A report was released yesterday which stated that local authorities have coped well with reductions in government funding, but some groups of authorities are showing clear signs of financial stress. The Department for Communities and Local Government has a limited understanding of authorities’ financial sustainability and the impacts of funding cuts on services, according to the National Audit Office.
The Government will reduce its funding to local authorities by an estimated 28 per cent in real terms between 2010-11 and 2014-15. Further planned cuts will bring the total reduction to 37 per cent by 2015-16, excluding the Better Care Fund and public health grant.
Responding to the report, Graham Biggs, chief executive of the Rural Services Network, said: “Local-authority budgets have been cut very significantly, by 40 per cent in real terms over the lifetime of the current Parliament. Rightly, the initial focus was on making efficiency savings through actions such as restructuring and sharing services.
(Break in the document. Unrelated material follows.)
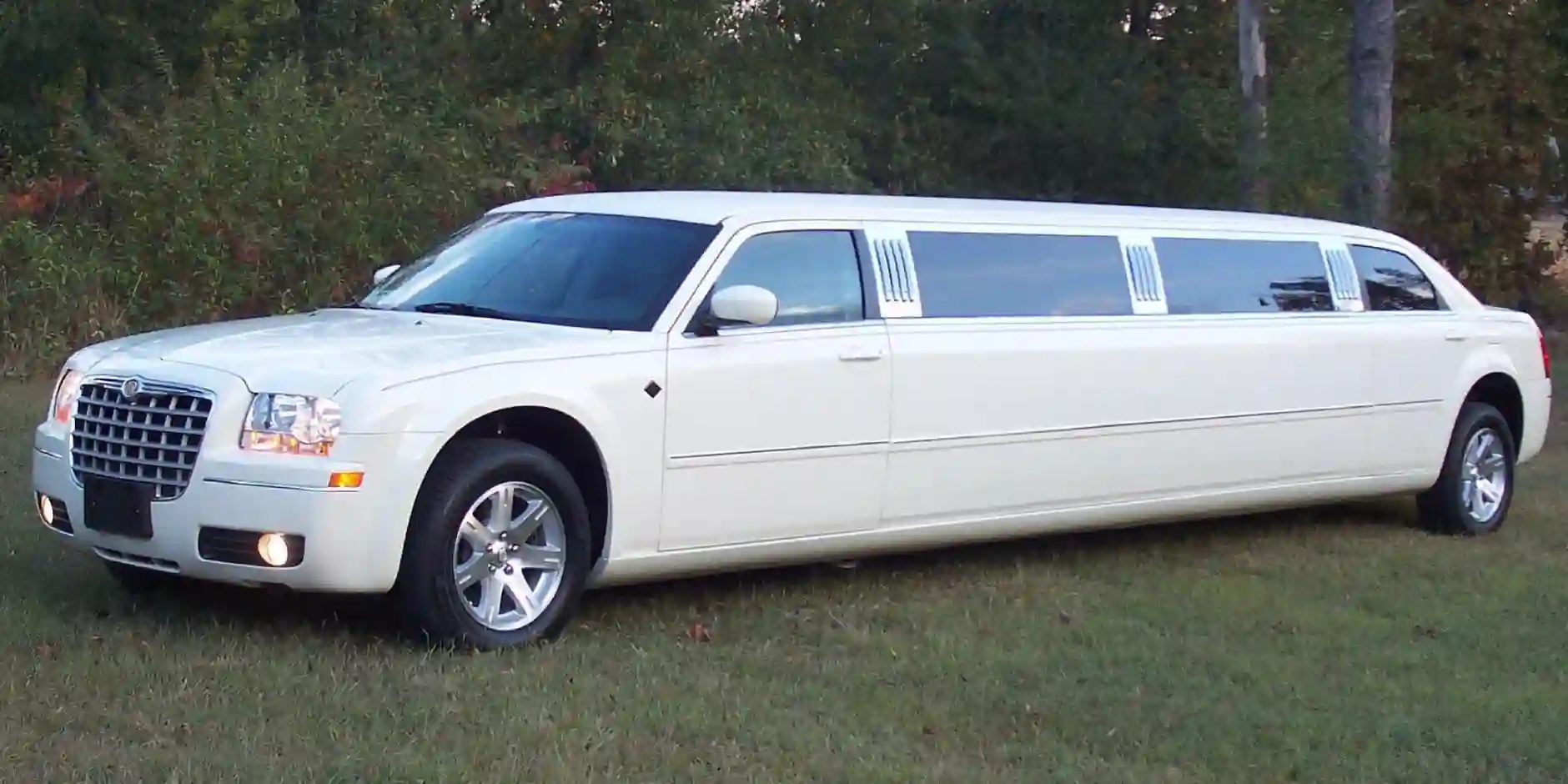 How to Choose the Best Airport Transport Service for Your Group in Crawley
“Financial pressures are particularly hard for small rural district authorities which have the least scope for cutbacks. Little, if any, scope for efficiencies now remains and cuts are inevitably hitting frontline services, particularly those defined as discretionary or non-statutory.
“In short, there is no more left to give. This is a greater problem in rural areas which have been historically underfunded and so service levels were at a low starting point before the austerity cuts were imposed. It is widely accepted that it costs more to deliver public services to scattered rural populations. It is unfortunate that the current formula used to allocate government grant gives little weight to this.
“The Government recently introduced an additional £11.5 million pot for rural local authorities. It is worth £1.10 per head in those rural authorities receiving it – tiny when set alongside the £178 per head funding gap in government grant per head of population for rural areas compared to urban.”